In radar systems, the receiver bandwidth is matched to the signal bandwidth. This cuts off some of the Chirp spectrum, thus raising its PMEPR, and effectively reduces the gap in average power between both waveforms. Given unbound spectrum and linear properties, the average power difference between Chirp and Multitones is about 2.5 dB. When considering the receiver bandwidth matched to the signal bandwidth, this difference drops to about 1 dB. It is common in a radar system using Chirp to widen the receiver bandwidth to keep good signal properties and avoid spectrum clipping. Multitones could actually allow slightly reducing receiver bandwidth to slightly improve the SNR level, or use the full receiver bandwidth to slightly improve the spatial resolution. In any case, the conclusion of these measurements is that Chirp and Multitones have equivalent performances. The Chirp’s maximum detection range is extended by 7% with respect to Multitones’ maximum detection range. Also the maximum achievable SNR using the full ADC dynamic range would be about 1 dB higher for Chirp than for Multitones, thus improving a little detection performances and consumption at the ADC.
The outcome of the experiments is that Multitones are neck and neck with Chirp when the receiver bandwidth was equal to the signal bandwidth. The experiment on quantization allowed determining that the converter technology is reliable and accurate. This was demonstrated by the good agreement between measured and simulated results as well as the platform mean stability of -40dB.
In order to answer the issue on the contributions of Multitones to UWB software defined radar, an operational reconfigurable ultra wideband radar platform was developed. It supports any kind of waveforms and has 800 MHz instantaneous bandwidth on each ADC channel and 1.6 GHz tuning range. The mean stability is -40dB. The contribution of Multitones to UWB software defined radar is on performances, indeed Multitones displayed equivalent performances compared to Chirp. The detection range is at most 7% higher for Chirp than for Multitones. However Multitones allow more flexibility and thus enable the software defined radar development. Indeed with Multitones, it opens the path toward multifunction, spectrum insertion, sub-band independence, and signal diversity. On the effects of RF components on radar performances, it was demonstrated that simple simulations are sufficient to predict system performances. The AD/DA converters technology is now mature enough for radar applications. And for the performances criteria that were set a minimum of 10 bits resolution are necessary to get nominal performances. Higher resolution improves pedestal error on the impulse response.

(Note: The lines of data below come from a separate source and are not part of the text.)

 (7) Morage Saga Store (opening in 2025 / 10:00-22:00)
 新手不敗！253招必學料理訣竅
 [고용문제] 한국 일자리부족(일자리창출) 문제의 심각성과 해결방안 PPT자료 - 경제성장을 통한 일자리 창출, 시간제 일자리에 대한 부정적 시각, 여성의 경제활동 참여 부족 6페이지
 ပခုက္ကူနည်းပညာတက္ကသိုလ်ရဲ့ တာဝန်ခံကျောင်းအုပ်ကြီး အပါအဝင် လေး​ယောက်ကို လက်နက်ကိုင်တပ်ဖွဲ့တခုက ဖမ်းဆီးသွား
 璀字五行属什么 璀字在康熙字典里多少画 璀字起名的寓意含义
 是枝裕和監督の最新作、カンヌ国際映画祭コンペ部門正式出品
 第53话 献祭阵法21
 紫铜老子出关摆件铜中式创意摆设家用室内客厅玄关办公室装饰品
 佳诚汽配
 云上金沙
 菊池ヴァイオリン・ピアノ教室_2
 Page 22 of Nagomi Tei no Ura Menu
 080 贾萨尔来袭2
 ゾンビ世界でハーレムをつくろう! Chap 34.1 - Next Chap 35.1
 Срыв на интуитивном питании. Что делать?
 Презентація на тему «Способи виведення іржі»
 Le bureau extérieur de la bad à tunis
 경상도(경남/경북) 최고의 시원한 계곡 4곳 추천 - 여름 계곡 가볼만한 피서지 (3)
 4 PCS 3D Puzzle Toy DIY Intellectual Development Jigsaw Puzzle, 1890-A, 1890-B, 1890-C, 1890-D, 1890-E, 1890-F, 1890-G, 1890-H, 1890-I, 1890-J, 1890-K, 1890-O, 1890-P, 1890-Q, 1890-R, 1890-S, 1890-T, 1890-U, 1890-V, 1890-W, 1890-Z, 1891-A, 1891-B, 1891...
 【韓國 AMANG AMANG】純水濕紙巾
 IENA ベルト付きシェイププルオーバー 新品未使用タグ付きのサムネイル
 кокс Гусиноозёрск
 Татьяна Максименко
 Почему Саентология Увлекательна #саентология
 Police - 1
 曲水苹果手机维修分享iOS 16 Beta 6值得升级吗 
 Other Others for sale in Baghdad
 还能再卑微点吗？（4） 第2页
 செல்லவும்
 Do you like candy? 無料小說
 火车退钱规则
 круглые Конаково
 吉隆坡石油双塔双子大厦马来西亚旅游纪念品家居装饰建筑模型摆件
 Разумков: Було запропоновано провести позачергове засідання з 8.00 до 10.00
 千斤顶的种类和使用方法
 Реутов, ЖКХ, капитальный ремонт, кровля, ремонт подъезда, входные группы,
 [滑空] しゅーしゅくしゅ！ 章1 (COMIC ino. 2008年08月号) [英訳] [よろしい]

The use of Multitones is mainly dealing with linearization  and performances for radio applications [4-5, 9-10, 12-13, 17-18, 23]. The results mostly come from simulations and were not experimentally validated. When looking into the impact of RF equipment on multicarrier signals, another key component stands out: the transmitter amplifier [5, 14]. The saturation effect will need to be studied to determine the best operating point to maximize radar detection capabilities. Concerning the spectrum insertion, the effect of notched spectrum on performances should be studied.
In the long term, a few technological limitations should be overcome before the implementation of a UWB software defined radar. Research must be pursued in digital architectures, truly adaptive RF components, and antenna arrays and digital beam forming.